Outside the room where the House Public Safety Committee meets, Rep. David Grimes has seen times when citizens can't get into the room. It's too small, so they line the hallways trying their best to hear what's going on inside.
When people can't get into the meetings, they get mad, Grimes, R-Montgomery, said.
Tired of jostling past lobbyists and watching the public get shut out of committee meetings, Laird decided it was time to do something.
So he sponsored a bill that created the Legislative Building Committee and charges the panel with the task of analyzing how to best use the limited space in the State House. Everything is on the table -- including renovation and even construction of a new State House.
Gov. Bob Riley signed the bill Thursday.
"We have been talking about this for many years," said Laird. "Sometimes we have to wade through 300 lobbyists in the hallways."

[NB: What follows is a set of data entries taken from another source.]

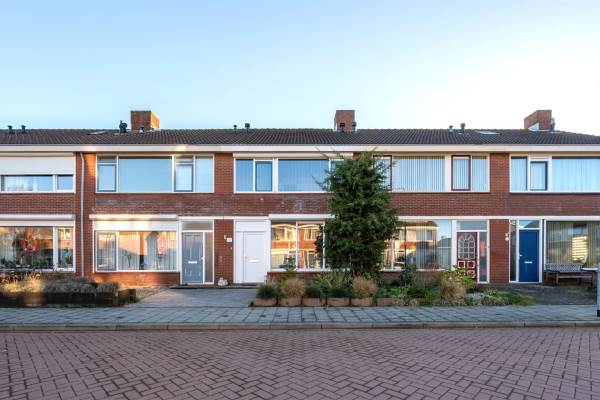 Woning Roerstraat 6 Oost-Souburg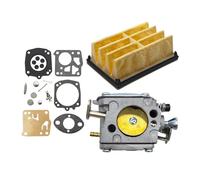Kit de réparation d'air de carburateur for tronçonneuse 272 XP 272XP 268, pièces RK-23HS HS254B 503 44 72 03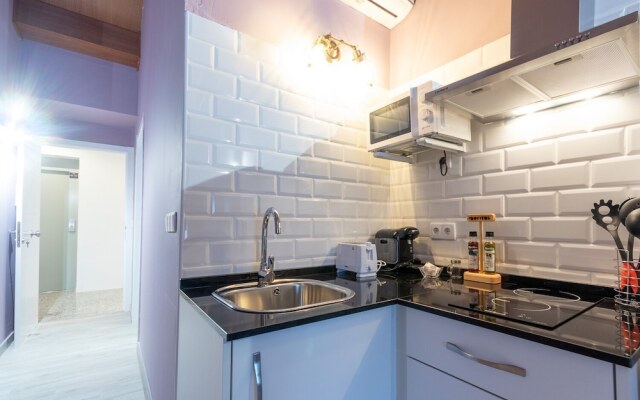 Catedral Apartments Free Parking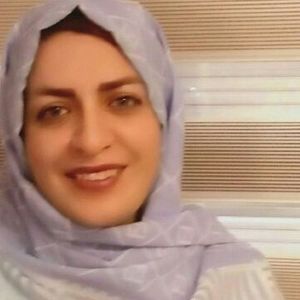 پریسا علیزاده نظمی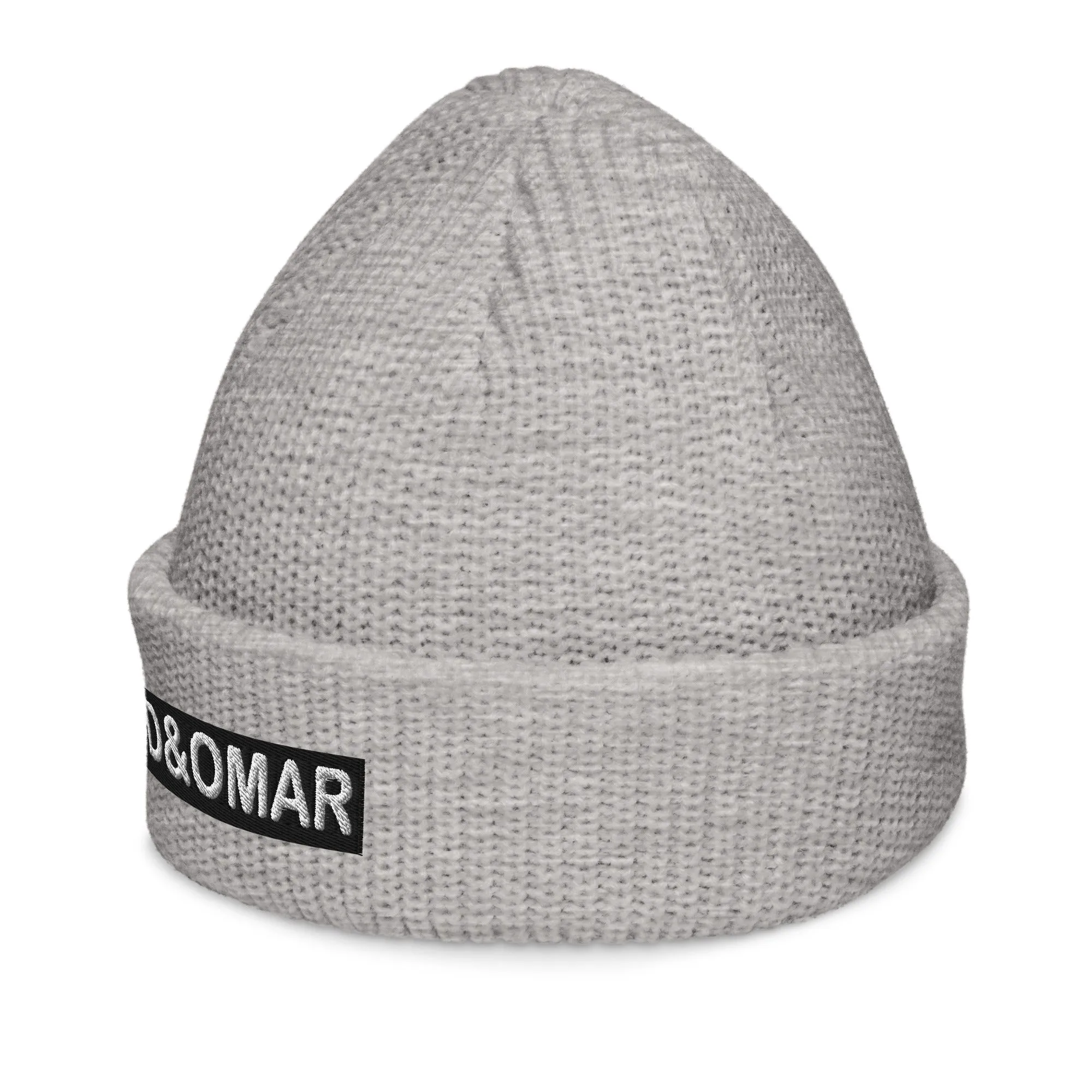 MAUD&OMAR Fisherman beanie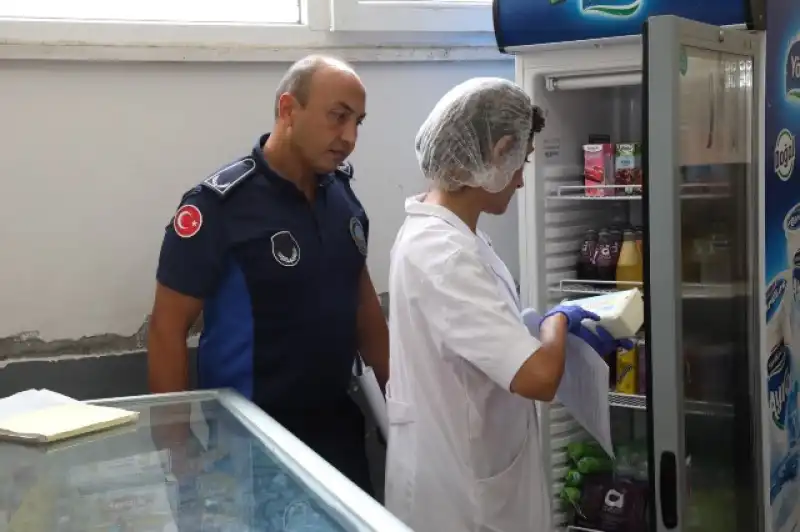 HBB’DEN OKUL KANTİNLERİNDE KAPSAMLI DENETİM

The bill has its detractors -- especially those who oppose any plan to build a new State House. Grimes, R-Montgomery, won't support new construction.

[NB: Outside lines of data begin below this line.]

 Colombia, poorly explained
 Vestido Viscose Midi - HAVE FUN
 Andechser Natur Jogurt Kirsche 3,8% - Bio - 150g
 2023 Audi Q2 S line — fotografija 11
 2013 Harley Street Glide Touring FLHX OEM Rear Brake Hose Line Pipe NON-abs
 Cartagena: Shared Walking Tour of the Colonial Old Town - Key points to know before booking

"I don't think that's necessary at this point," said Grimes, who pointed out he thinks
the Senate is already too elaborate.
But he does agree that more meeting space is needed. The House Public Safety Committee is a good example of the problem.
"Every meeting they have, people are spilling out into the hall," Grimes said.
Rep. Thad McClammy, D-Montgomery, chairs that committee. The tight quarters don't allow much room for would-be spectators, he said.
"They think they deserve more and they do," said McClammy, referring to people who routinely find themselves standing in the hallways.
Sen. Wendell Mitchell has seen similar meeting space issues in the Senate, particularly when public hearings are scheduled.
"When you have a major issue, people line the walls," said the senator from Luverne.
McClammy said most citizens don't understand how cramped quarters are at the State House, so he thinks talk about renovation or a new building won't have much public support.
"They probably think we live in some luxury," he said. "The average legislator is conducting business in something about the size of a big broom closet."
Sen. Larry Dixon, R-Montgomery, sees the space problem differently. If legislators didn't hire unnecessary staff, space wouldn't be an issue, he said.
"The Legislature is expanding itself," Dixon said. "If we didn't hire them, we wouldn't need more space."
A plan to move the Alabama attorney general's office out of the State House would free up 90,000 square feet of space. The attorney general's office would be relocated to the old Public Safety Building in front of the Capitol by August 2008.
However, the Legislature hasn't appropriated money to cover the move, said Chris Bence, spokesman for the attorney general's office.
Those funds also would be needed to cover the 60 percent increase in rent the attorney general's office would pay the state finance department for space that's about 5,000 square feet less than the State House location.
Bence said until the financial issue is resolved, the office will stay put.
"We're pretty much stuck where we are," he said.